The project is a partner of the international «Book of Guinness World Records». However, unlike the latter, the «Book of Records of Ukraine» does not register «silly» or dangerous records.

Despite its name, the records registered by the project are not published in book form.

== History ==
The project was initiated in 2002 when Oleksiy Svystunov, the owner of the «Book of Records of Russia», approached Ihor Pidchibiy with a request to help register a dishwashing record. In 2002, Ihor Pidchibiy and his colleagues registered the copyright for the work «National Presentation-Image Project ‘Book of Records of Ukraine’», and in 2004, they registered the trademark «Book of Records of Ukraine».

The first record registered by the «Book of Records of Ukraine» was the creation of a 10-meter-long tuxedo by designer Mykhailo Voronin. As of 2012, the project had registered over 1,500 records, some of which were published on the project's website.
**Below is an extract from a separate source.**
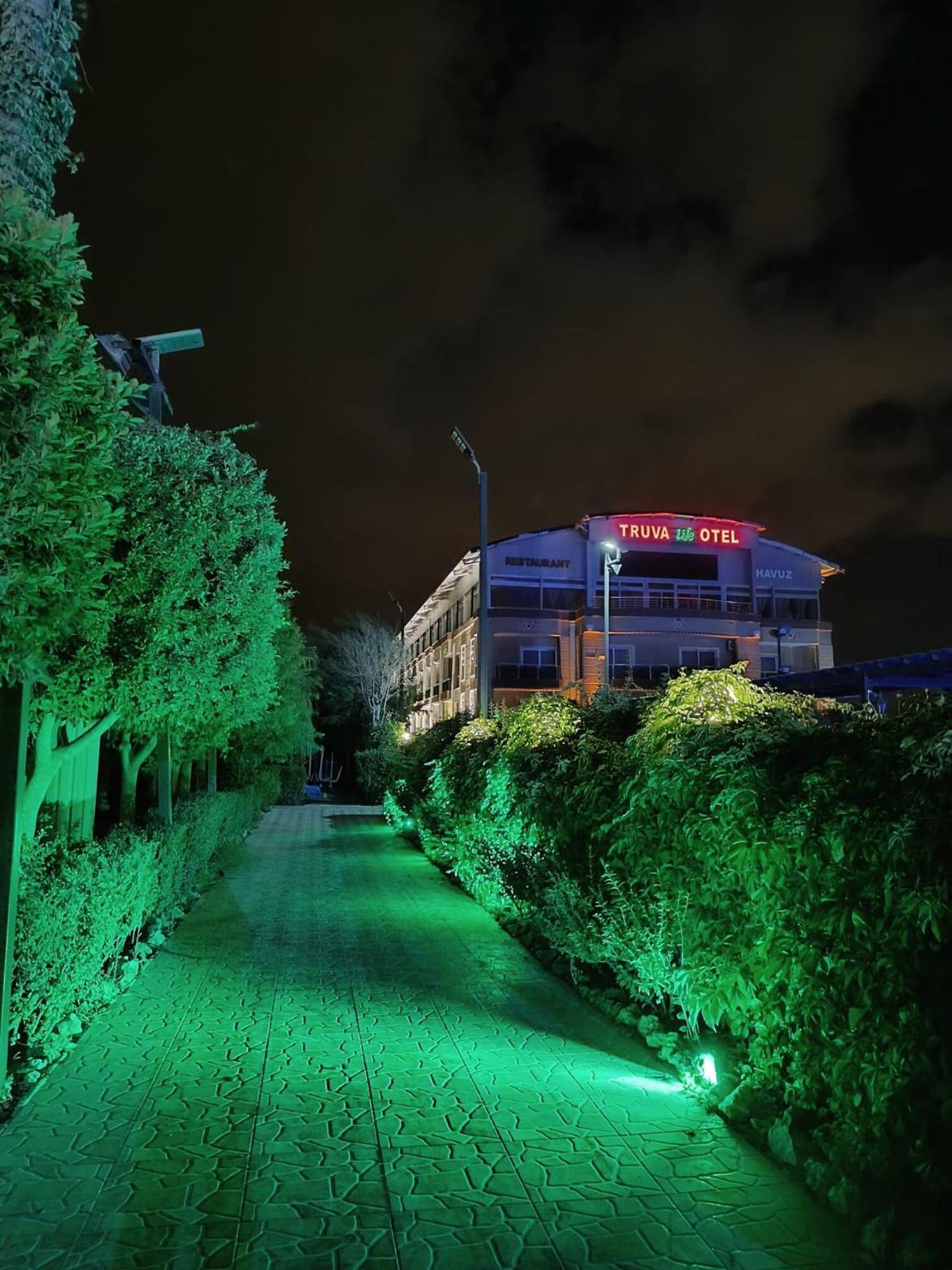Truva Life Hotel Samandag Extérieur photo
By 2018, the number of registered records reached 20,000.

Initially, the project paid honorariums to record holders, but this practice was later discontinued.
== Competition with the «National Register of Records» ==
The emergence of the «National Register of Records of Ukraine» in 2010 was perceived by the «Book of Records of Ukraine» team as an illegal copying of their activities and a violation of their copyrights.